In the realm of Machine Learning (ML) projects, code versioning has become an indispensable best practice. However, the practice of data versioning has not seen the same widespread adoption, often leading to the frustration of not being able to retrieve a specific dataset or replicate the success of a high-performing model. To bridge this gap, the Data Version Control (DVC) tool was introduced. Launched in 2017 by Iterative, DVC is an open-source Python library designed to prevent such setbacks.

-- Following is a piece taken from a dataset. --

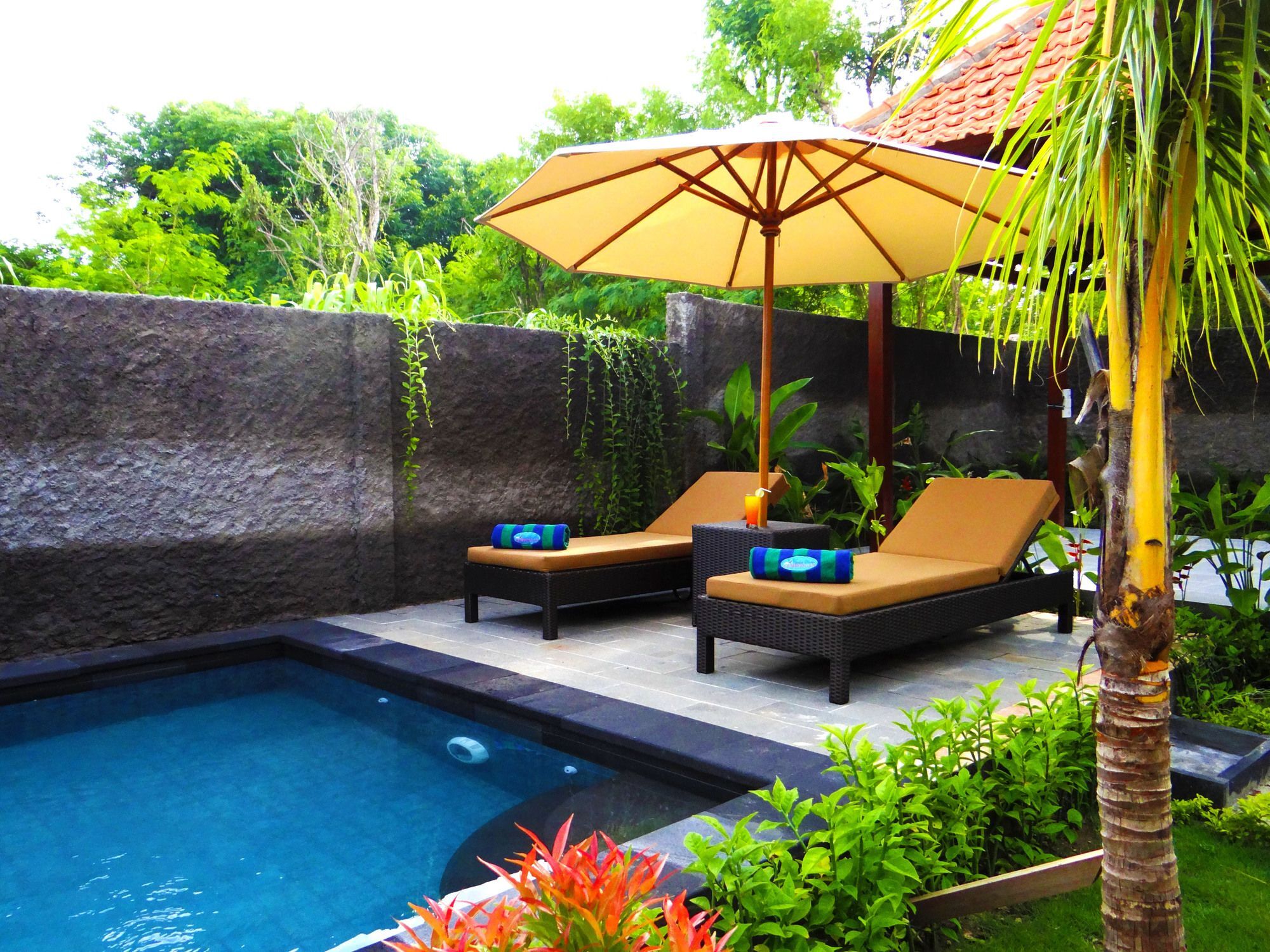 Bed and Breakfast Isola D'oro lembongan Nusa Lembongan Esterno foto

DVC stands out by allowing for the versioning of data files in conjunction with Git, a popular version control system. It achieves this by storing the actual data in a chosen remote storage solution, like Google Cloud Storage or Amazon S3, while the metadata is versioned through Git. This approach ensures that large data files are handled efficiently without clogging the Git repository.
Furthermore, DVC facilitates the creation, execution, and versioning of data pipelines. This feature is crucial for tracking the progression of datasets and models, offering clarity on the steps taken to produce each outcome and the ability to replicate them.
While there are other data versioning and pipeline systems available, such as Pachyderm, DVC distinguishes itself with its ease of setup and user-friendly nature. Additionally, though tools like MLFlow and Weights & Biases exist for ML experiment tracking, DVC integrates more seamlessly into the Git workflow, allowing for a unified tracking of code, data, and experiment iterations. This integration simplifies the exploration of project histories and avoids the need to embed tracking operations directly into the code, a common requirement with other platforms.
For those seeking to visually explore their experiments, several options complement DVC:
- Iterative Studio offers a comprehensive web app solution developed by DVC's creators, though it starts at $50 per user per month beyond two users.
- A DVC extension for Visual Studio Code provides a free, albeit less extensive, alternative for collaboration within the VSCode environment.
- A custom dashboard, created by integrating DVC with a visualization tool such as Streamlit, allows for a tailored exploration of project experiments, presenting precise information as needed.
Our Perspective
Adopting DVC can be likened to the transition to using Git: initially daunting, but soon becoming indispensable. At Sicara, we recommend leveraging DVC with Streamlit for a flexible, cost-effective approach to experiment visualization, as demonstrated by our Sicarator tool.
It's important to note, though, that while DVC excels in managing experimentation flows, it's not designed for operational pipelines in production environments. For such cases, a more specialized tool like Airflow is recommended, highlighting DVC's role as a powerful companion for data scientists in the experimentation and development stages.